Yet far from creating a broad coalition of natural allies, King’s broader initiative strained the movement’s relationship working-class white Americans—particularly in the Midwest—who may have agreed that black citizens should be permitted to vote and patronize restaurants and hotels, but who jealously guarded the very real wages they had derived from segregated housing and employment markets. Unionized factory or trade jobs in lily-white industries represented the best employment available to many working-class whites, and home ownership in segregated neighborhoods represented the sum of their wealth. Integration posed a tangible threat.

LBJ’s open housing law went down to defeat in the fall of 1966, as did a modest proposal to help cities pay for rodent control. “The knowledge that many children in the world’s most affluent nation are attacked, maimed and even killed by rats should fill every American with shame,” the president told House and Senate members. The initiative quickly foundered as white voters reacted with anger to urban riots in Newark and Detroit. “Let’s buy a lot of cats and turn them loose,” a Southern Democrat cackled from the House floor. “Civil rats!” another member catcalled from the rear of the chamber.

It would take King’s assassination two years later to spur Congress into action. He did not live to see Johnson sign the 1968 fair housing act into law.

King was no political naif. He understood that by taking the movement north—by emphasizing jobs and housing, and not just integration or voting rights—he might lose critical partners in the civil rights movement, including rank-and-file union members, working-class Catholics and Protestants in the urban North, and moderate Republicans. He was at the height of his prestige but made the conscious decision to spend down that prestige on an intensely divisive, but, he believed, essential, undertaking.

On the eve of his death on April 4, 1968, he was more controversial and less popular than he had been at any time in his public career. In a Gallup poll conducted in 1963, 41 percent of respondents rated him favorably, and 37 percent negatively. In 1967, just 32 percent gave him a favorable rating, whereas 63 percent viewed him negatively.

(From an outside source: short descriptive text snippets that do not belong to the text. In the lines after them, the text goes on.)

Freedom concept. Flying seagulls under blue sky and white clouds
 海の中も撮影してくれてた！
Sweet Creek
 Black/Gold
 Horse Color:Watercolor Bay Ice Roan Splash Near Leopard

Northern whites were not King’s only point of opposition. In his final years, he found himself squeezed from all sides.

In 1966 members of the Student Non Violent Coordinating Committee (SNCC) ousted his protégé, John Lewis, a veteran of the lunch counter sit-ins and Freedom Rides who had led the march on the Edmund Pettus Bridge on Bloody Sunday, in favor of Stokely Carmichael, a battle-tested stalwart who as chairman would renounce nonviolence and embrace a more strident and adversarial class of politics. Around the same time, the Congress of Racial Equality (CORE) replaced the moderate James Farmer with Floyd McKissick, another firebrand.

Weeks later, as he marched alongside King and other leaders of the major civil rights organizations, Carmichael jumped at a police officer who had thrown fellow activist Cleveland Sellers to the ground. King held him back. But there was no holding him days later, as Carmichael roused his followers with a stirring call to “Black Power,” a phrase he and other activists had chosen to describe their political organizing efforts in Lowndes County, Alabama, a deep-south jurisdiction that resisted black voting rights to the last death. “This is the 27th time I have been arrested,” he told the assembled marchers, in reference to his recent detention. “I ain’t going to jail no more…Every courthouse in Mississippi ought to be burned down tomorrow,” Carmichael intoned, “to get rid of that dirt in there.”

Even before SNCC disavowed nonviolence, King had walked a tightrope with young activists who regarded him as too much a temporizer and compromiser—behind his back, they mocked him as “De Lawd.” As national chairman, John Lewis—a dyed-in-the-wool devotee, did much to bridge the generational and ideological divide between his more strident peers and the seemingly moderate MLK, who in turn found himself derided as too radical by elder statesmen in the NAACP and Urban League. Now, he would be forced to answer for SNCC’s and CORE’s excesses—for urban rioters—and for white backlash. It was a reality that cost MLK much of his prior good standing in the movement, and which consumed his time, attention and human forbearance.

It helped him not a bit that the FBI continued to harass him until his last days. After Attorney General Robert Kennedy authorized wiretaps against King and his associates several years earlier, the bureau took it upon itself to plant unauthorized and illegal bugs in his home and office and to feed presidents John Kennedy and Lyndon Johnson a steady stream of damning personal information. Famously, FBI agents attempted to coerce King into committing suicide by threatening to expose his extramarital affairs.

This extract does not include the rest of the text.